[Material for this exercise]:
* * * * *

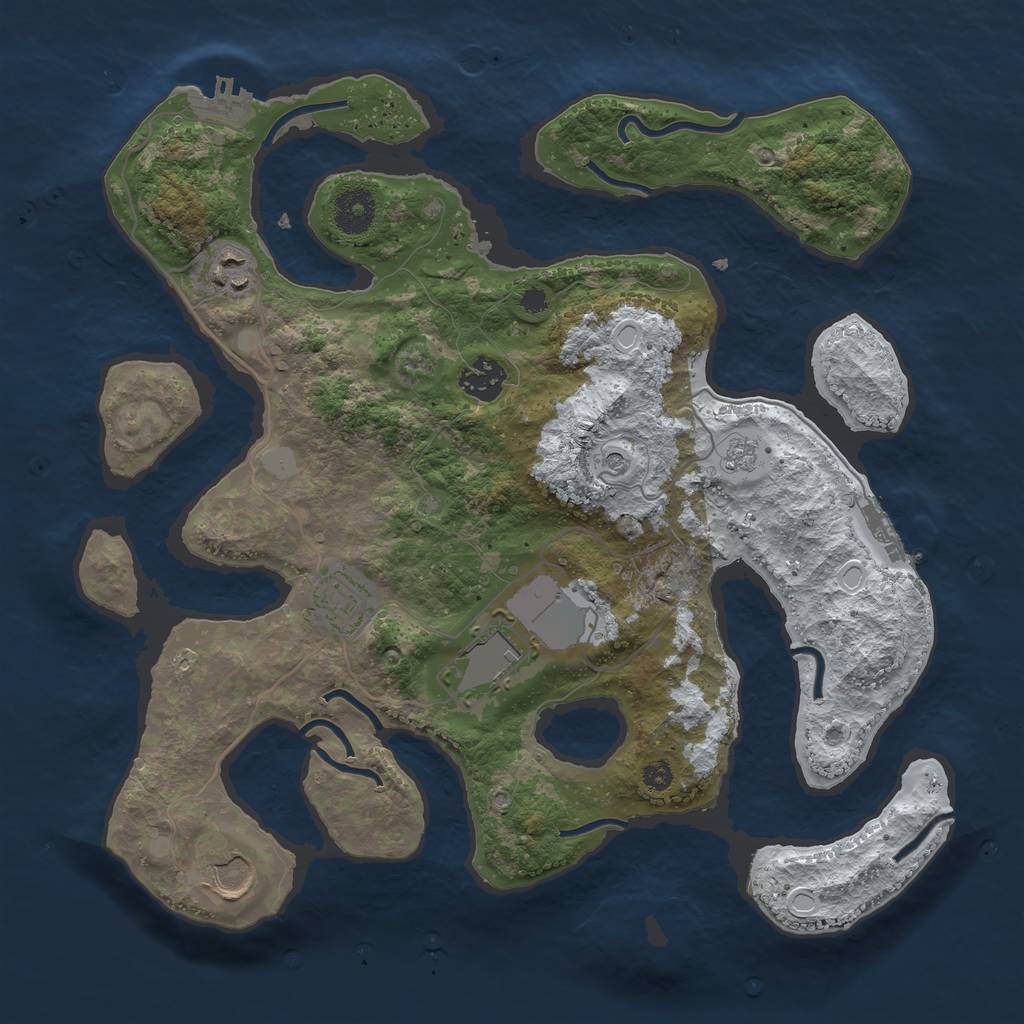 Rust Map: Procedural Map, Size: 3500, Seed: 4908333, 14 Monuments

* * * * *

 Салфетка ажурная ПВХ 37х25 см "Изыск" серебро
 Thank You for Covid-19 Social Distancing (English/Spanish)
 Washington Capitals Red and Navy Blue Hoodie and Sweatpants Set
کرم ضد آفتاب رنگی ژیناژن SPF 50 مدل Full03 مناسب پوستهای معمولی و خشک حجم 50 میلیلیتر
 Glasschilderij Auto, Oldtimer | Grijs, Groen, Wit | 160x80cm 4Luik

* * * * *

[Work to complete]: Could you set down, exactly as written, the lines above between the one holding "کرم ضد آفتاب" and the one holding "Glasschilderij Auto, Oldtimer", inclusive, and nothing more?

[Worked solution]:
کرم ضد آفتاب رنگی ژیناژن SPF 50 مدل Full03 مناسب پوستهای معمولی و خشک حجم 50 میلیلیتر
 Glasschilderij Auto, Oldtimer | Grijs, Groen, Wit | 160x80cm 4Luik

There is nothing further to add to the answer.